What did I feel? Mostly angry. I was embarrassed about having to rely on people I hardly knew to help me pick up the kids from school and look after them until I could get home in the evening, brilliant as their friends’ parents were about rallying round. I was angry about the fact that I had to pack them both into the car and take them with me on a twenty-mile round trip if we needed anything from the shop, or an even longer one if one of them had a play date or a music lesson, and make sure we had enough snacks and books and games to placate the other one who had to sit waiting in the car with me for an hour. I was angry about being left to cope with it all on my own. I didn’t sign up for this, I kept saying to myself. I’d put some serious consideration into life as a single parent just a few months before – I’d made lists of the pros and cons and left them out where I knew he would see them so he would realise just how serious a situation we were in – but that had been in London with my oldest friends and my whole support network around me. Not out here in the arse end of nowhere, where you had to spend half an hour scraping ice off the car before you could even get anywhere.

The police didn’t start taking it seriously until a fortnight had passed and his bank card and mobile hadn’t been used (I’d told them he’d left his phone sitting on the kitchen dresser and even showed it to them, but they said there were still procedures they had to follow). I’d been complaining to Beth’s teacher how they hadn’t been doing anything at all to look for him and then the very next day on the way to school we drove past a line of police picking their way through the copse near the junction with the main road and a man in a frogman suit stepping down into the dark pond beneath the trees, and it suddenly hit me that this was really happening. I managed to keep things together until I’d dropped the girls off, but I’d hardly got the car out of sight of the school gates before I had to pull over and spend five minutes dry-heaving into the hedge.

I was saved by the nice lady from the village, the same one who’d told me about the history of the hill. She stopped alongside, took one look at me and put me straight in her 4x4 and drove me back to her kitchen where she made me a strong coffee and insisted I have a tot of something in it, and then she sat down on the other side of the big oak table and ordered me to tell her all about it. Well, it all ended up coming out, about the affair and why we’d moved here and how worried I was about what it was doing to the kids and how terrified I was about what had happened to Tom – all to this woman I barely knew, in fact I’d only found out her name, Vivienne, that very morning – and she just kept handing me tissues and patting my arm, and her dog kept licking my other hand like she was trying to comfort me too, with Vivienne apologising and saying, ‘She’s too familiar,’ and me reassuring her that it didn’t matter at all, it was sweet, and by the end of it I felt better than I had in weeks.

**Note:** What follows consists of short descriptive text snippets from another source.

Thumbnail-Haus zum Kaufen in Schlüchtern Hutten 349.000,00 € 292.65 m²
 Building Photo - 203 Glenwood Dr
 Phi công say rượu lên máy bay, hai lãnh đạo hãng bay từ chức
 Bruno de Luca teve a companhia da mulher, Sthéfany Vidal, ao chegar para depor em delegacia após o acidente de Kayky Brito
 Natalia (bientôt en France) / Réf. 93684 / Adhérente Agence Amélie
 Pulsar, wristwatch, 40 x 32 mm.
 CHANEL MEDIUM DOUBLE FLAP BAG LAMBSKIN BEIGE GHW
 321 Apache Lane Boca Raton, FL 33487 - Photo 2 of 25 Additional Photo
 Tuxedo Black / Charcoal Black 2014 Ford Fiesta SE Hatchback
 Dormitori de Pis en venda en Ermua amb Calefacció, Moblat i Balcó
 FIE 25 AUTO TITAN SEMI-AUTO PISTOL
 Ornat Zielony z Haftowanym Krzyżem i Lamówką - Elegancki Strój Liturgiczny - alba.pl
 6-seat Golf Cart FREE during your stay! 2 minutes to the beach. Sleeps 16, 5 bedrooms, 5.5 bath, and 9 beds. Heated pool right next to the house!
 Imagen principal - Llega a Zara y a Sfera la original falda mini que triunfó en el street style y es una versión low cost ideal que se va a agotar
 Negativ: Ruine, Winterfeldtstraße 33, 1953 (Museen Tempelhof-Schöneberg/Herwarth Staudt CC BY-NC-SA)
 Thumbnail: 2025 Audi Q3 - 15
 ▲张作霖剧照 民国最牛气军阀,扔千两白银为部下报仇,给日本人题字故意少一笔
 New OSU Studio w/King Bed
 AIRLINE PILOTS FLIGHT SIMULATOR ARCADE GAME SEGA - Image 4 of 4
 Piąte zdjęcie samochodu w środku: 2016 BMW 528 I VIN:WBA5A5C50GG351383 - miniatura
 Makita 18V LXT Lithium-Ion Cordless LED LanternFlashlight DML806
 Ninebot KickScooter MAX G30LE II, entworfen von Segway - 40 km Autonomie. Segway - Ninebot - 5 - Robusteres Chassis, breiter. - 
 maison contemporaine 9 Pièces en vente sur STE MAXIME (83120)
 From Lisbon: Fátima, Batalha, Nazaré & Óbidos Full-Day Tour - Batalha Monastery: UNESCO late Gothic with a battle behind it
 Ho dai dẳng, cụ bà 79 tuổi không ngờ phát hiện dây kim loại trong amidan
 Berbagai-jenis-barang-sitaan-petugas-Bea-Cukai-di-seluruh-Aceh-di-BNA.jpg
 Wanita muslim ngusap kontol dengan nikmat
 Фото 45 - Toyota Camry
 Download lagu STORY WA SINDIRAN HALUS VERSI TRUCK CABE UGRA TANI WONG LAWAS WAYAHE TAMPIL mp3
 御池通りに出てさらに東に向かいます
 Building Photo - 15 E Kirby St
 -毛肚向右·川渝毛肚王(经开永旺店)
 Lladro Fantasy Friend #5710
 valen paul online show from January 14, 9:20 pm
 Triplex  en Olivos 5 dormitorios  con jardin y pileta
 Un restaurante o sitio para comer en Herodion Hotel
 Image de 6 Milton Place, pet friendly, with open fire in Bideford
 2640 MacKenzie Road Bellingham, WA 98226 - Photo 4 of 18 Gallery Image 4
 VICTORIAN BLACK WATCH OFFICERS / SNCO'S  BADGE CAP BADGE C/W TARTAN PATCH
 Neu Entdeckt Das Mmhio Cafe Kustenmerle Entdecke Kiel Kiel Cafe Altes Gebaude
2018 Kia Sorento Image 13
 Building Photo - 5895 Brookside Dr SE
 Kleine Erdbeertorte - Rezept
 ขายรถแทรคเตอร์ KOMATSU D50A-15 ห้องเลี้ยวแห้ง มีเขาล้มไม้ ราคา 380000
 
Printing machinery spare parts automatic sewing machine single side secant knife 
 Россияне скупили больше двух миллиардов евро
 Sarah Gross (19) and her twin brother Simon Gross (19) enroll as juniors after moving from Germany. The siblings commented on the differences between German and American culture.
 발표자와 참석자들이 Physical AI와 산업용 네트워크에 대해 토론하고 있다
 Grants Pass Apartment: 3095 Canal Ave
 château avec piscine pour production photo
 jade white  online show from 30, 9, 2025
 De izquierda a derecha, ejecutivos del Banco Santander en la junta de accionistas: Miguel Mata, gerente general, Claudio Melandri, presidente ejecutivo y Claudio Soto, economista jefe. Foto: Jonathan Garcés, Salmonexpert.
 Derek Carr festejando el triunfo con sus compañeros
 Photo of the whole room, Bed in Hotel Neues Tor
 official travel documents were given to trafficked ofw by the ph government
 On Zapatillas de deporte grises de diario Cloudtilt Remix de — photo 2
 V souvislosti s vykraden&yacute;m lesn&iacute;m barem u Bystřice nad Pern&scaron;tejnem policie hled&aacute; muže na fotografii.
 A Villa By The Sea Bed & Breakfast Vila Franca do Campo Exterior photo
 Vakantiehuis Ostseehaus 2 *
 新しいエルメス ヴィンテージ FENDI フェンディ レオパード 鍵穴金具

It was funny because she couldn’t have been less like my mum – Vivienne’s country through and through, all gilets and Barbour jackets and sensible boots, and her kitchen was the sort Mum used to be really snobby about, with quarry tiles and an Aga and all these bunches of different herbs, some of which I didn’t even recognise, drying above it, and open shelves full of things she had pickled, but right at that moment it felt like just where I needed to be and I’ve never felt more cared for.

When I’d let it all out she just sat there watching me stroke the dog, and she looked like she was coming to a decision, and then she told me to follow her through to her utility room, which was rigged out with a whelping box full of twelve boisterous springer spaniel puppies that started yapping deafeningly as soon as we opened the door and jumping up at us for attention. Vivienne picked out one – a gorgeous boy with a patch over one eye and a tail going ten to the dozen – and handed him over to me. She told me that she’d heard in the village how my girls had been pushing us for a dog and she thought he might be exactly what we needed right now. And she wouldn’t take any money for him, although she did say I could pay her for the sack of food and the bowls and blanket she gave me as well and she’d pass it on to the RSPCA. And as she helped me load it all into the car she said something about ‘getting you out with my ladies on one of our nights soon’, which was both lovely and slightly frightening – like I say, she was closer to my mum’s age than mine – but delivered vaguely enough for the kindness of the offer to take the edge off the actual prospect of it. ‘We look after each other here,’ she told me as she waved me off. ‘You’re a part of the community now.’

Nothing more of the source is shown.